Connaissez-vous La Débâcle d'
Emile Zola ? Publié en 1892, l'avant-dernier tome de la série des Rougon-Macquart, s'il n'est pas le plus connu des ouvrages de l'auteur, a toutefois été le plus grand succès de librairie d'
Emile Zola. Et pour cause! A peine plus de 20 ans se sont écoulés depuis la défaite de Sedan et la fin du Second Empire, un véritable traumatisme dans la société française, s'achevant par la Commune et bien sûr l'amputation de l'Alsace et de la Moselle. Dans ce cadre, on imagine à quel point les contemporains de
Zola ont dû revivre, grâce aux descriptions très réalistes, cet épisode de l'Histoire de France.
Il me paraît inutile de parler ici d'
Emile Zola, un auteur qui reste très lu encore aujourd'hui. Par contre, j'aimerais tout d'abord signaler deux choses. La première est qu'il ne faut pas avoir peur de se lancer dans ses ouvrages, souvent épais et denses, didactiques, mais qui se lisent toujours avec un réel plaisir. Après plus de 15 ans de pause, j'ai repris avec beaucoup d'envie les Rougon-Macquart, dont chacun des titres peut se lire individuellement. La seconde est que La Débâcle est un peu différent des autres romans ; on peut réellement parler de roman historique, tant
Zola reste fidèle à la chronologie des faits, faisant démarrer l'action le 6 août 1870, lors de la bataille de Froeschwiller, pour la clore le 28 mai 1871 (Semaine sanglante de la Commune).

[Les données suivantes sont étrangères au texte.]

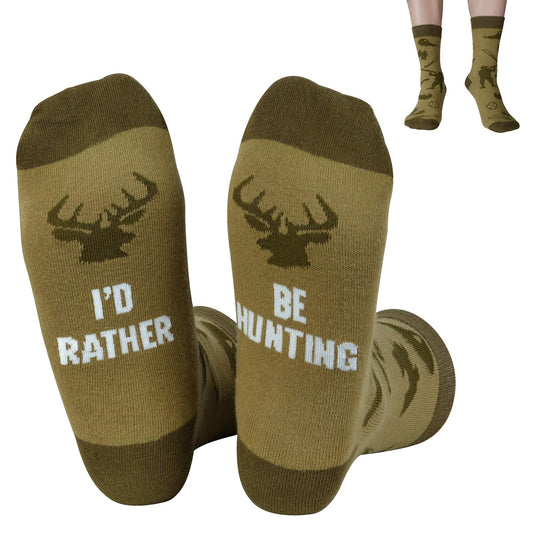 Nucinzua Birthday Gifts for Men,Hunting Gifts for Men,I'd Rather Be Hunting Socks,Funny Socks for Mens Birthday Gift Ideas,Christmas Stocking Stuffers for Dad Grandpa Husband Hunters
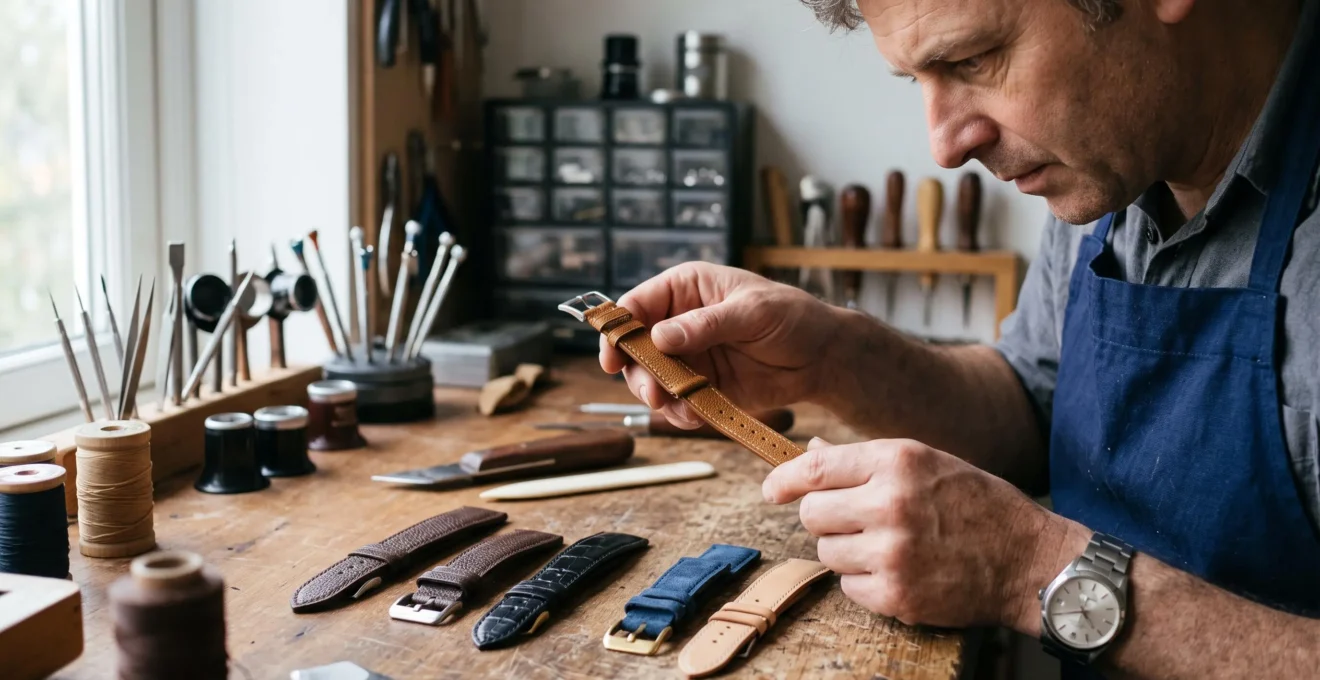 Artisan horloger examinant plusieurs bracelets de montre en cuir de différents types sur un établi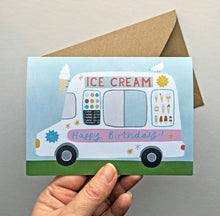 Load image into Gallery viewer, Stephanie Cole Design “Ice cream happy birthday” greetings card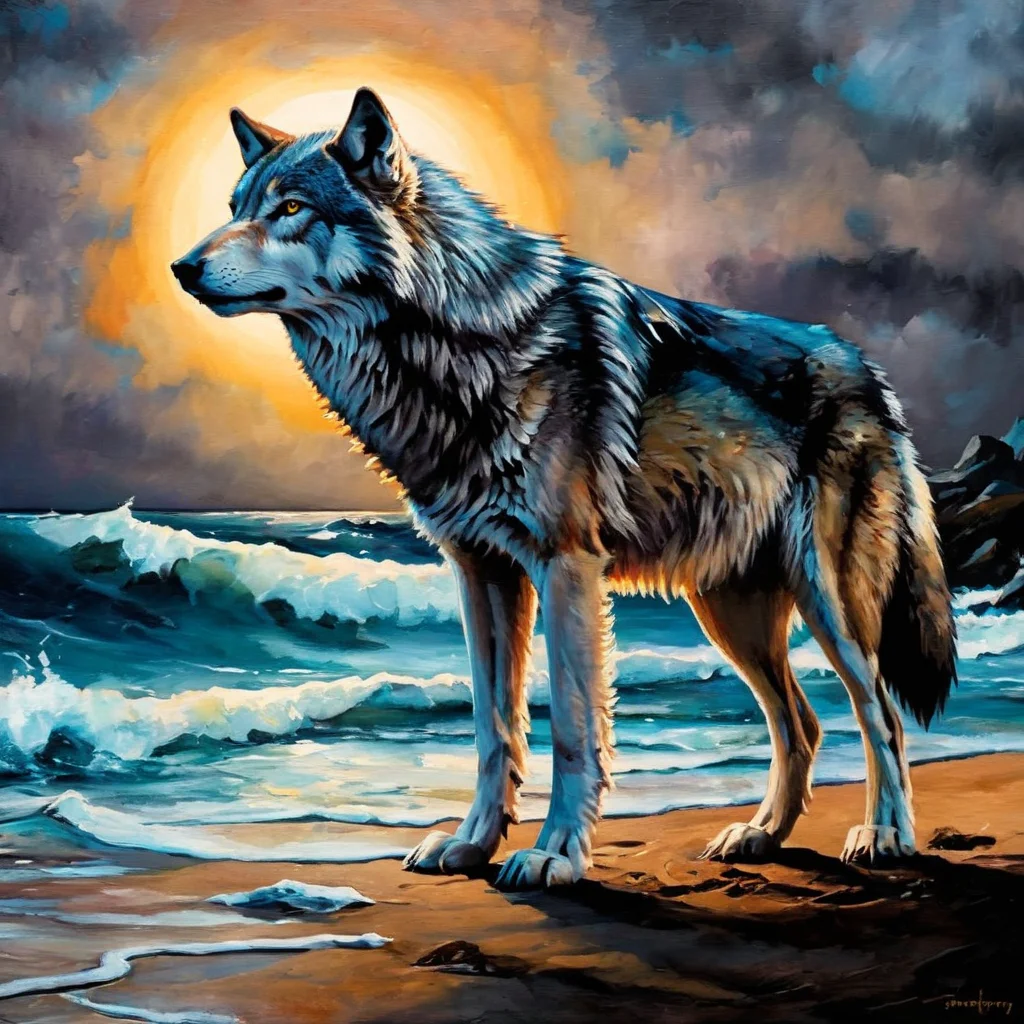 Dark Fantasy Art of <lora:Dark Art Painting Style:1>
a painting of a wolf standing on a beach dark art painting style, dark, moody, dark fantasy style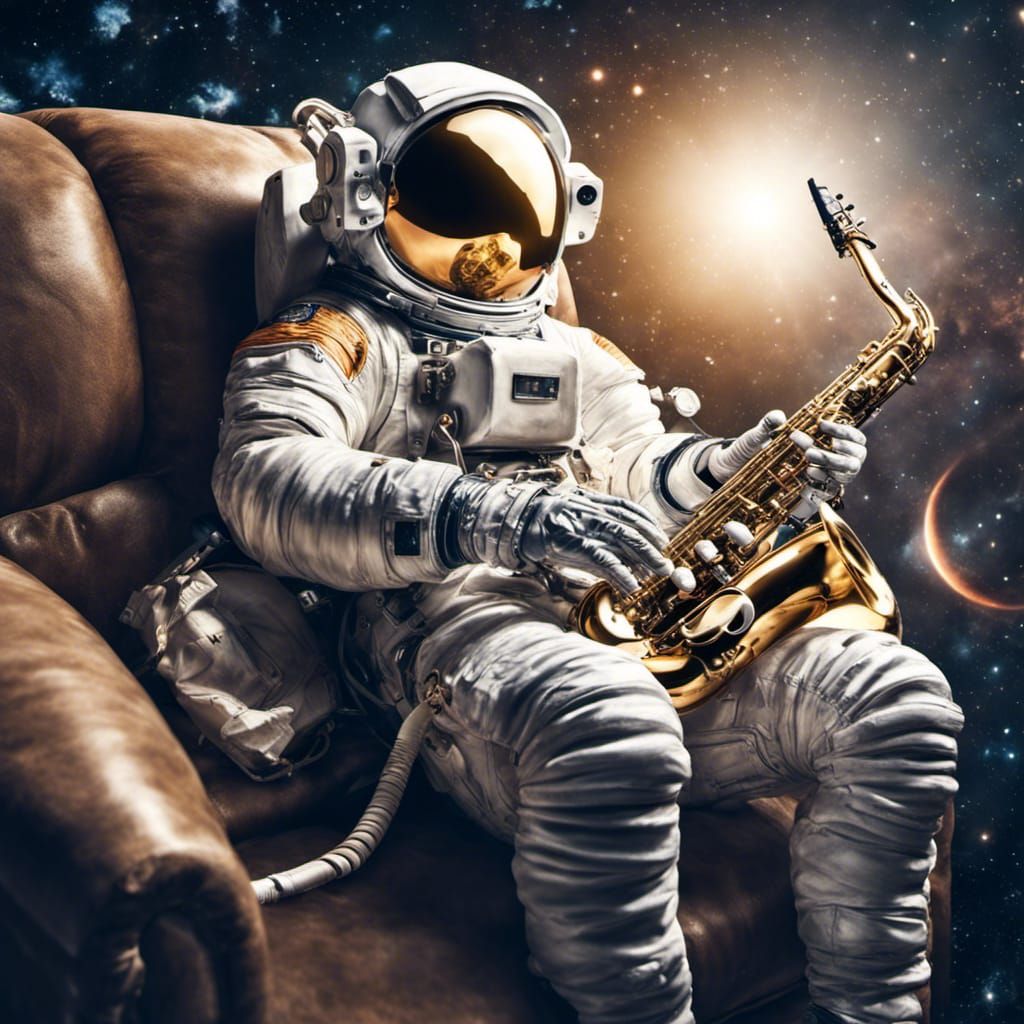 Astronaut Plays Saxophone on Couch in Space (HDR)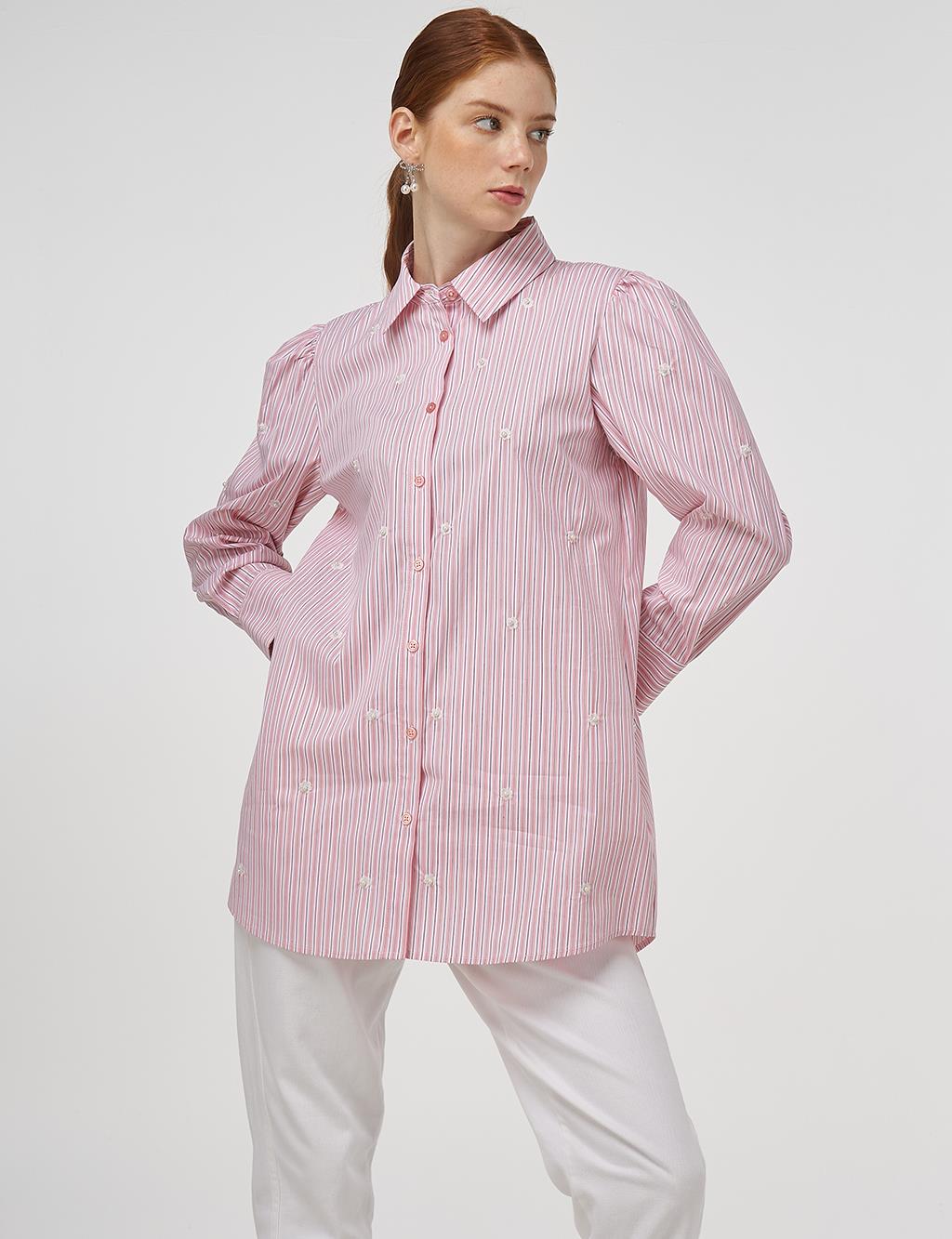 Pearl Detailed Viscose Tunic Salmon Pink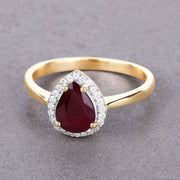 Bids.com 1.30 Carat Genuine Ruby and White Diamond 14K Yellow Gold Ring Rings Dark Gray size 6.00,size 7.00,size 8.00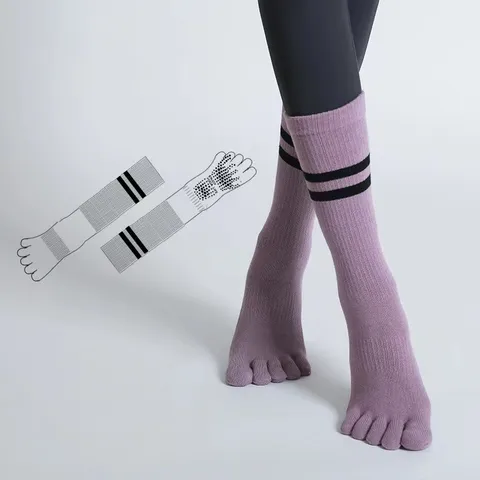 Women Professional Non Slip Five Finger Toe Socks Athletic Pilates Yoga Cotton Mid Tube Socks Sport Fitness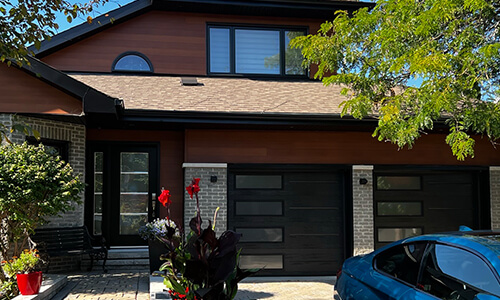 Porte de garage Standard+ Vog, 8' x 7', Noir, fenêtres Screen
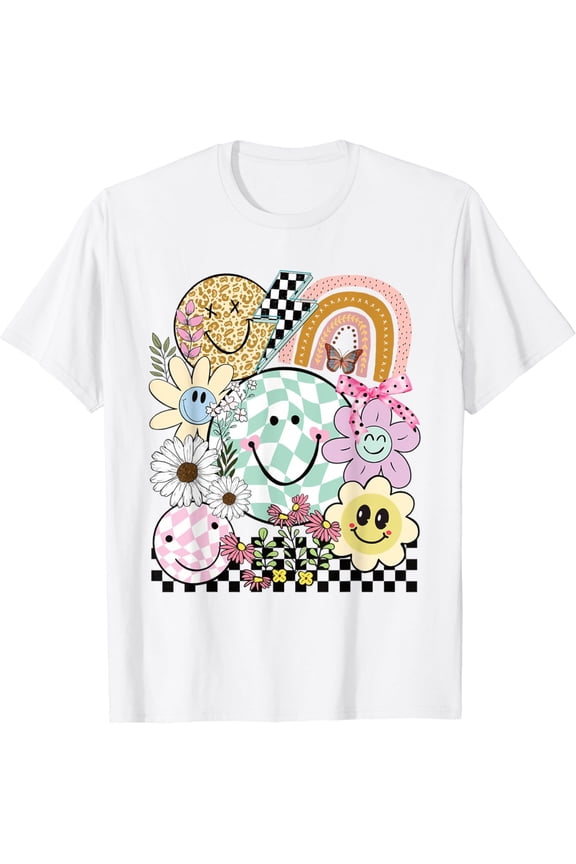 Checkered Happy Smiling Smile Face Daisy Flower Girl T-Shirt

C'est donc un des avantages, et non des moindres, de revisiter cette page d'Histoire, avec en point d'orgue la bataille de Sedan.
Le roman est découpé en trois parties. La première succède aux premières défaites sur le front de l'Est, présentant le repli des armées ; la seconde se déroule dans les Ardennes ; enfin, la troisième s'inscrit après la défaite de Sedan.
S'il est peuplé de nombreux protagonistes, le récit s'articule autour de quelques personnages principaux comme Jean Macquart, un caporal qui fut le héros du livre La Terre. Celui-ci se lie avec Maurice Levasseur, un intellectuel s'étant engagé par idéalisme dans cette guerre. On y retrouve aussi des figures en opposition les unes avec les autres (des profiteurs contre des gens sincères, des brutes contre des caractères affables), ce qui permet à
Zola de faire une galerie de portraits des attitudes des soldats et de la France de l'époque.
Très rapidement, dans la première partie, on se retrouve dans le chaos : les soldats attendent la nourriture ou les munitions, on abandonne des fusils et des sacs dans un retrait d'urgence, et on n'assiste directement à aucune bataille. le désarroi est palpable, les troupes errent, et dès le départ, la conclusion semble écrite d'avance.
C'est finalement autour de la nourriture manquante que se polarise souvent l'action ; l'héroïsme s'efface devant les besoins de base, et plus tard dans le récit, se déroulera même une chasse à l'homme pour du pain.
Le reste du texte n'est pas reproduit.